L’editor mi telefona la mattina, mentre sono in treno, dicendomi di raggiungerla all’Hotel Meridien, al Lingotto, dove Doris ha dormito la sera prima e dove ci sarà un breve incontro con la stampa e i fotografi prima dell’evento al Salone: Così la conosci. Dovrei essere in primo luogo grata, invece che terrorizzata, perché è raro che in questi casi gli editor delle case editrici si ricordino dei traduttori. Ma questa è una signora gentile, ed è un omaggio quello che mi fa, un gesto elegante e per niente scontato che dà un valore a quei giorni di fatica lenta e molto fisica passati a filtrare il flusso potente delle parole di Doris, un fiume che scorre impetuoso nel mezzo di  un secolo, trasportando i detriti  di un’epoca e delle sue ideologie.

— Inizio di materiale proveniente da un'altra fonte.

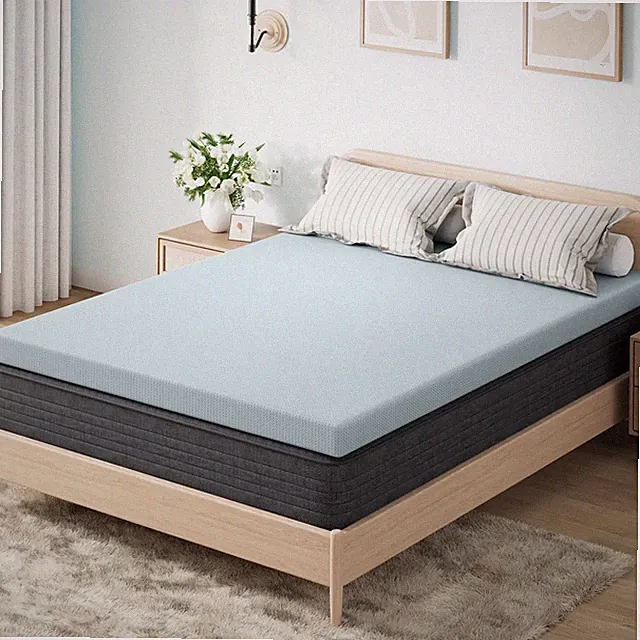 Memory Foam Mattress Topper Pad, Soft Bed Cover with Anti-Slip Base, Size Ful...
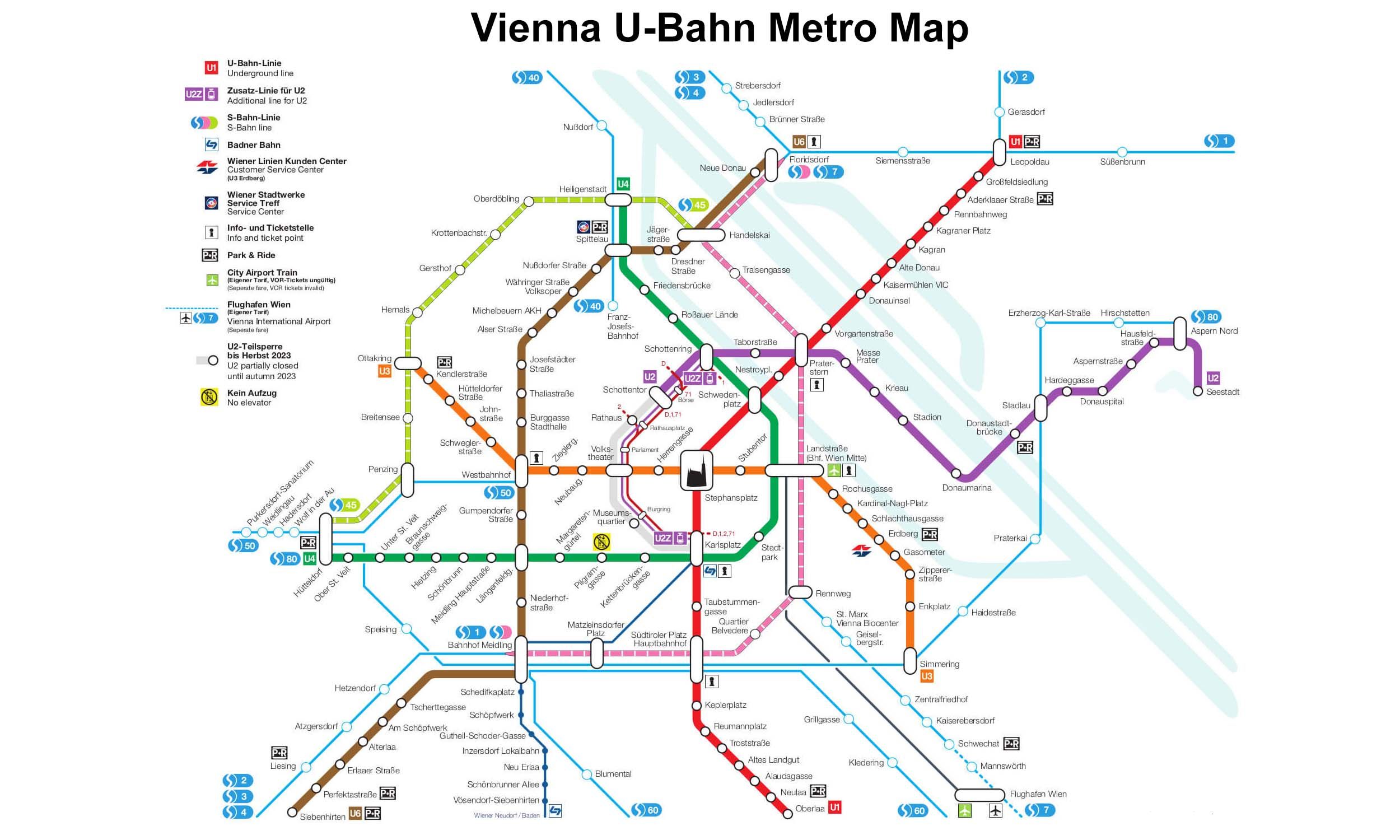 Vienna U-Bahn Metro map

Sulla spianata del Lingotto c’è il solito viavai di studenti e scolaresche vocianti che l’attraversano in questi giorni, un caldo quasi afoso e sicuramente eccessivo per maggio, e le file dei visitatori non professionali che attendono alle casse. La vedo appena entrata, sulla sinistra nell’atrio, un po’ insaccata nel divano beige, le ginocchia divaricate come tengono a volte le donne passata una certa età, quando si possono permettere l’indecenza di essere naturali. La stessa posa sgraziata che ha in una delle foto scattate il giorno del Nobel, qualche anno dopo, dove siede scarmigliata sui gradini davanti alla porta di casa, dopo essere entrata a posare le borse coi carciofi in cucina: una priorità da massaia prima di concedersi agli obiettivi e ai microfoni. Uno sberleffo alla solennità del momento. Che cosa è stato davvero importante per la sua scrittura, signora Lessing? L’acquisto di una lavatrice.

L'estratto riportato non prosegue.